◆ TASK PROMPT ◆
Your answer must consist of exactly the lines below, starting with the line with "Photo Flash: Betty" and going on through the line with "Вратарские перчатки adidas", and nothing else.

◆ EXTRACTED MATERIAL ◆

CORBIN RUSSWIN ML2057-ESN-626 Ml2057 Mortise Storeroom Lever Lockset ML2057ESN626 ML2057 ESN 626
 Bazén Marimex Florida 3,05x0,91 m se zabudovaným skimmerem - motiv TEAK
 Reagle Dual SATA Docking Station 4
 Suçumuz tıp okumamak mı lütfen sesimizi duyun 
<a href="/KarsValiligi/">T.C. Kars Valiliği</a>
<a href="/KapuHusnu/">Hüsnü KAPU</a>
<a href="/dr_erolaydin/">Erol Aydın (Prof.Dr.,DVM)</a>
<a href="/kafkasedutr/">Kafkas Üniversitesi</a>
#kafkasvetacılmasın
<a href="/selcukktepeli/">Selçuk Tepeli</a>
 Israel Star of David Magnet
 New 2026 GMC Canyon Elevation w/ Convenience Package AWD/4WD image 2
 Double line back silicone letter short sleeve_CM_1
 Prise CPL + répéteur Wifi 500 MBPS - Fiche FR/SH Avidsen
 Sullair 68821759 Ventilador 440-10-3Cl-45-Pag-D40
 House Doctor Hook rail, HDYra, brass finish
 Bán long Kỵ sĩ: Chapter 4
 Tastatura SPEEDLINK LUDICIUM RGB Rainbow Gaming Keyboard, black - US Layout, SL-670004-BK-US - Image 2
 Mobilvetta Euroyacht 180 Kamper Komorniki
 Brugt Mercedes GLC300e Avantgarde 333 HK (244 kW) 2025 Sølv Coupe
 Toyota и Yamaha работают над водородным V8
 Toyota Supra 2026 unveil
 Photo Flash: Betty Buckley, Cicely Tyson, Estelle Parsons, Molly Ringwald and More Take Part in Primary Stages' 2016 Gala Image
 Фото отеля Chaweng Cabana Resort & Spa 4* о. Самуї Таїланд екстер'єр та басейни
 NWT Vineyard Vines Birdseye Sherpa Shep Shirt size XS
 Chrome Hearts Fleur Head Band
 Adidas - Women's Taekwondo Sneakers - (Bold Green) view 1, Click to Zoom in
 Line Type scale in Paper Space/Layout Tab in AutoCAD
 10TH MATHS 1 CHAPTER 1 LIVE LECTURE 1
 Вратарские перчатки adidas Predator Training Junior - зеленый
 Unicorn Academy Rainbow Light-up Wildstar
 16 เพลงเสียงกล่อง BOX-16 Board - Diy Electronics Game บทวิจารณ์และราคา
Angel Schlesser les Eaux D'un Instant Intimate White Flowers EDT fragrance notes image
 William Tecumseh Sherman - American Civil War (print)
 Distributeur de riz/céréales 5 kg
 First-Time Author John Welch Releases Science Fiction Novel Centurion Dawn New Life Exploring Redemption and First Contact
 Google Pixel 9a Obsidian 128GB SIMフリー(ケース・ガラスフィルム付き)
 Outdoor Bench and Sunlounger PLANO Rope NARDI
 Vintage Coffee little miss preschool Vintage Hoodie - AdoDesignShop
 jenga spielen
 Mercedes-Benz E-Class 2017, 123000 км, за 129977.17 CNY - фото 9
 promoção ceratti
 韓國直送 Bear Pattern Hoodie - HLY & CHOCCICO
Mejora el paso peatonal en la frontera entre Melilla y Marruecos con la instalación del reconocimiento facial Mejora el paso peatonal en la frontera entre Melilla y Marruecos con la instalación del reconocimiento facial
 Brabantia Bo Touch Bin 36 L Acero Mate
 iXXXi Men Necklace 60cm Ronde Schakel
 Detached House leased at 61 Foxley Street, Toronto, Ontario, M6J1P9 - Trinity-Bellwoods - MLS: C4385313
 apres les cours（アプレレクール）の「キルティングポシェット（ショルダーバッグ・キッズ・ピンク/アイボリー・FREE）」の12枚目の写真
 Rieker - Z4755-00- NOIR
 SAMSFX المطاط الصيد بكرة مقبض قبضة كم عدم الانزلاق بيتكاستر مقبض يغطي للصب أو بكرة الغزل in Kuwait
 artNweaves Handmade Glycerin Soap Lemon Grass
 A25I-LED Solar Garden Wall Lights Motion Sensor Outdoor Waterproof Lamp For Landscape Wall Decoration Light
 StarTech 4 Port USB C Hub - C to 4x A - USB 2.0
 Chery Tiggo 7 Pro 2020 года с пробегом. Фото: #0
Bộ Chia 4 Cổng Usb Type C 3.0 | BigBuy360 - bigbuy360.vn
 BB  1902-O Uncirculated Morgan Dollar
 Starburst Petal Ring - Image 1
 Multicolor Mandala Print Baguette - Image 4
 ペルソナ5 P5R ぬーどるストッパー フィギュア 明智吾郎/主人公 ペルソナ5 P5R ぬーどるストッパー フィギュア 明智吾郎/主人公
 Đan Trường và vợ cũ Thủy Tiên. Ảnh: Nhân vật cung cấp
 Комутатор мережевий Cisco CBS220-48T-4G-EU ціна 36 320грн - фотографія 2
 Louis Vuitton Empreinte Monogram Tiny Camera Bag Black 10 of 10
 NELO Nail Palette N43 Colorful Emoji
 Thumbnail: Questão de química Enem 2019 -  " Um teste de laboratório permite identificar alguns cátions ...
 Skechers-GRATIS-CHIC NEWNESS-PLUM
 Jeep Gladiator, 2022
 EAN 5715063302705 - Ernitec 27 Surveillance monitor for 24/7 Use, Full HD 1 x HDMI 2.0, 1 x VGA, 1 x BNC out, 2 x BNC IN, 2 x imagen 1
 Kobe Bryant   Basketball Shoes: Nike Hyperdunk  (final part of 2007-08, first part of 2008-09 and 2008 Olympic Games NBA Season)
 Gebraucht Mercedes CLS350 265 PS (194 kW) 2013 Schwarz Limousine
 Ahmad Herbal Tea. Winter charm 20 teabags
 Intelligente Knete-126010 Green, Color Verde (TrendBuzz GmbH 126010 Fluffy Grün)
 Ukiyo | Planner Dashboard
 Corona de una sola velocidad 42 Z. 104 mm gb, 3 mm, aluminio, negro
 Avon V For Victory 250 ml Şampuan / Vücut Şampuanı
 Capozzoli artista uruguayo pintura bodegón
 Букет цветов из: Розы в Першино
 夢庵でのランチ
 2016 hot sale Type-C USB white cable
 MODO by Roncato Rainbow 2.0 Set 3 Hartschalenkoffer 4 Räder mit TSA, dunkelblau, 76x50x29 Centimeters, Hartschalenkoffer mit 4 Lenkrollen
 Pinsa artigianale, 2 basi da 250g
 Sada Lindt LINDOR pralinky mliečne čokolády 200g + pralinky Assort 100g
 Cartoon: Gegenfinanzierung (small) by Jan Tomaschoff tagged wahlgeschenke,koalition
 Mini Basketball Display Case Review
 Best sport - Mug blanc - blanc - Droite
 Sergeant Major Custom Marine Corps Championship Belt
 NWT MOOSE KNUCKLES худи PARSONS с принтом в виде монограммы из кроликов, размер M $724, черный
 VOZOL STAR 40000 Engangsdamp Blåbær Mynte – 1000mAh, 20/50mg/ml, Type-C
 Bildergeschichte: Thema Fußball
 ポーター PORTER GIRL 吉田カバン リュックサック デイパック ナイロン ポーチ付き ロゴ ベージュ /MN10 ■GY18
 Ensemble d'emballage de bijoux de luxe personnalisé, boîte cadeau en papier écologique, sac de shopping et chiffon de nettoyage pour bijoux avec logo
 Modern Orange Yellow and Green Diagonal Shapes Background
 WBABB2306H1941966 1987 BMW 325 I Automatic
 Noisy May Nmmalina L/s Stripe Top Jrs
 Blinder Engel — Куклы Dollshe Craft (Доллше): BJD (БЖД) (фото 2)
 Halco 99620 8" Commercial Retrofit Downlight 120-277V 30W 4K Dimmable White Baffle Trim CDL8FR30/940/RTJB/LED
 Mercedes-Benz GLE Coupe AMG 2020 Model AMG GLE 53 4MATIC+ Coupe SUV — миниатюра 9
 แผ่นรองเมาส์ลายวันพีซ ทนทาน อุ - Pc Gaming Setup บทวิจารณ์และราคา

◆ COMPLETED TASK ◆
 Photo Flash: Betty Buckley, Cicely Tyson, Estelle Parsons, Molly Ringwald and More Take Part in Primary Stages' 2016 Gala Image
 Фото отеля Chaweng Cabana Resort & Spa 4* о. Самуї Таїланд екстер'єр та басейни
 NWT Vineyard Vines Birdseye Sherpa Shep Shirt size XS
 Chrome Hearts Fleur Head Band
 Adidas - Women's Taekwondo Sneakers - (Bold Green) view 1, Click to Zoom in
 Line Type scale in Paper Space/Layout Tab in AutoCAD
 10TH MATHS 1 CHAPTER 1 LIVE LECTURE 1
 Вратарские перчатки adidas Predator Training Junior - зеленый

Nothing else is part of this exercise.